Dust remaining scallops with Cajun seasoning. Sear in cast iron pan 3-4 minutes total.

Drool Drool, awesome moist in the middle and crispy on the outside.

YUMMMMMMMMMMMMMYYYYYYYYYY


----------



## jbg4208 (Jun 3, 2008)

Oh yes!! that looks awsome right there. Love the scallops


----------



## dingle (Jun 3, 2008)

From the East coast to the west coast Meat thems is some awesome lookin scallops.

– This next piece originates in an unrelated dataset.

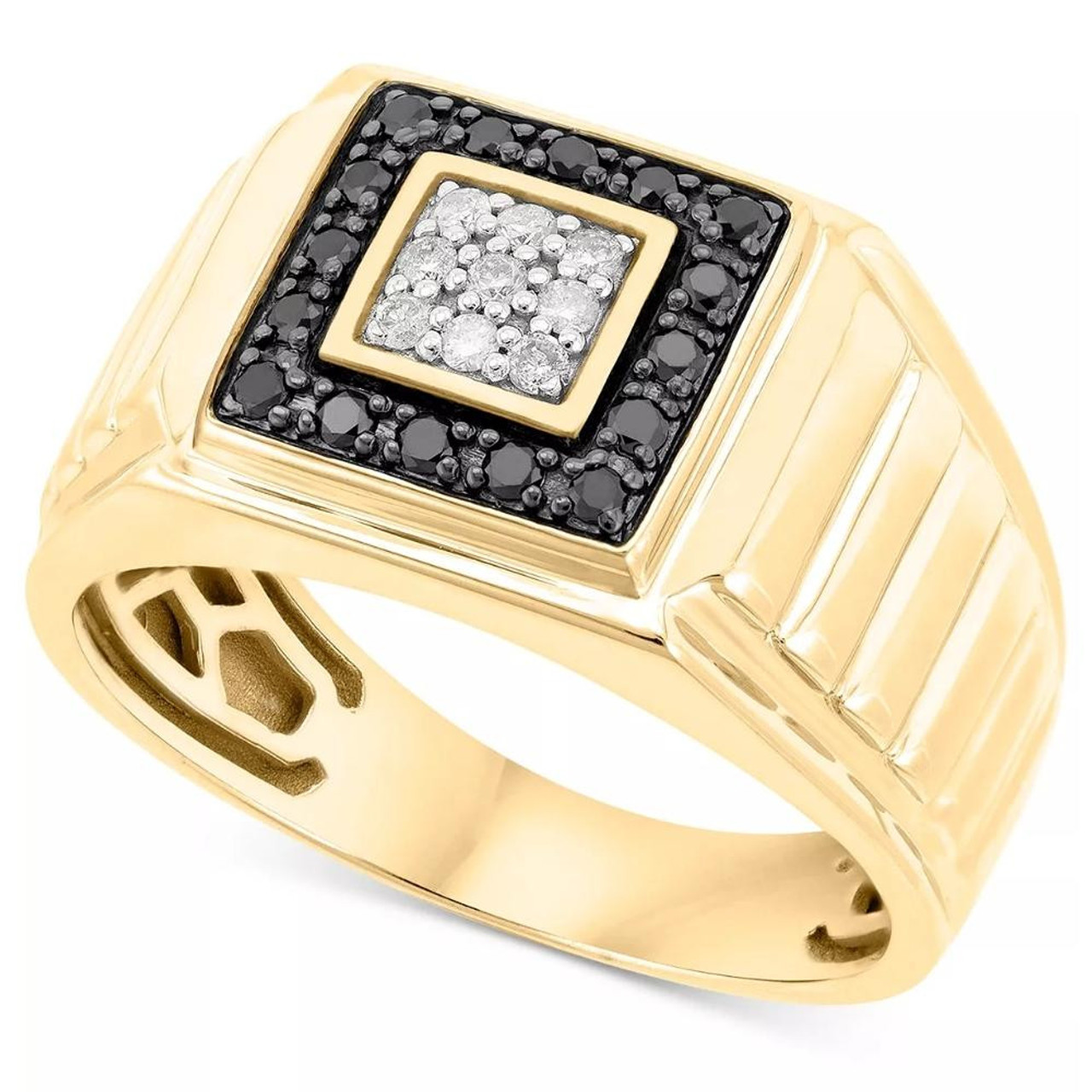 1/3Ct Black Diamond Men's Anniversary Wedding Ring Polished Band Yellow Gold (Black, I1)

I too love my seafood.


----------



## twistertail (Jun 3, 2008)

WOW, those look GREAT!  I love seafood but living in Ohio I dont get real good seafood.


----------



## pineywoods (Jun 3, 2008)

Looks great probally tasted better


----------



## cinnamonkc (Jun 3, 2008)

Yummy...Yummy...Yummy...adding to this weekend's smoke as an appertizer with the ABTs.


----------



## waysideranch (Jun 5, 2008)

Killer Heapo.


----------



## heapomeat (Jun 5, 2008)

You know, good food, prepared well, is SO YUMMY!

Thanks all.

I LOVE MY CAST IRON PAN on a side burner of the BBQ.........maybe 5% of people use their side burner and cast iron...........

The Cast _Iron holds the heat!!!!!!!!!_

_sear it, not burn it!_


----------